Conforme vimos no artigo anterior, segundo estudos, entre 40 a 80% das crianças com Transtorno do Espectro Autista (TEA) apresentam alterações de sono. No entanto, ainda ficamos com a dúvida: crianças com TEA e a dificuldade de dormir.
Na verdade, a medicina ainda não tem a resposta exata para esta pergunta.
Porém, é provável que essas crianças não têm capacidade de realizar uma adequada “leitura social” dos estímulos que mostram para elas que já está na hora de dormir.
Segundo os estudos, os ritmos circadianos do corpo e os ciclos de claro e escuro, a princípio, estão preservados mesmo para as crianças que sofrem de autismo.
No entanto, as mesmas não são capazes de perceber certas características ambientais que sugerem que a hora de ir para cama e descansar já chegou.

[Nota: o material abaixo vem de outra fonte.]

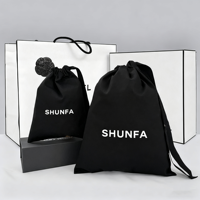 Luxus Kosmetik Aufbewahrung Verpackung Weich Staub dicht Schwarz Custom Print Logo Leinwand Geschenk Baumwolle Staub Kordel zug Tasche Tasche für Handtasche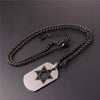 Star of David Dog Tag Pendant Necklace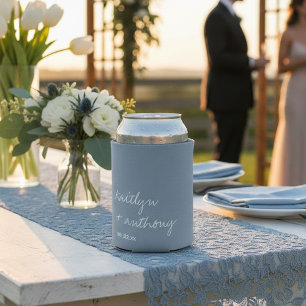 Rafraîchisseur Pour Canette Moderne Écriture Bleu Poussiéreux Mariage Minimali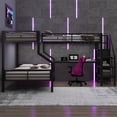 thumbnail image 3 of EUROCO Metal L Shaped Twin over Full Bunk Bed and Twin Gaming Loft Bed with Desk, Functional Storage Bed with Wardrobe and USB Ports, Black, 3 of 9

Sendo assim, é muito provável que seu cérebro terá bastante dificuldade para relaxar e levar aos processos naturais que induzem ao sono.
Outra hipótese muito importante que deve ser levada em conta é que a maioria das crianças no TEA têm maior sensibilidade a estímulos ambientais como ruídos, odores e estímulos visuais.
Assim, elas mantêm o cérebro em estado de excitabilidade, dificultando o início e a própria manutenção do sono.
Por vezes , até o simples contato com o lençol ou com o cobertor podem dificultar demais este processo, visto que muitas crianças no TEA são mais sensíveis ao toque (tato).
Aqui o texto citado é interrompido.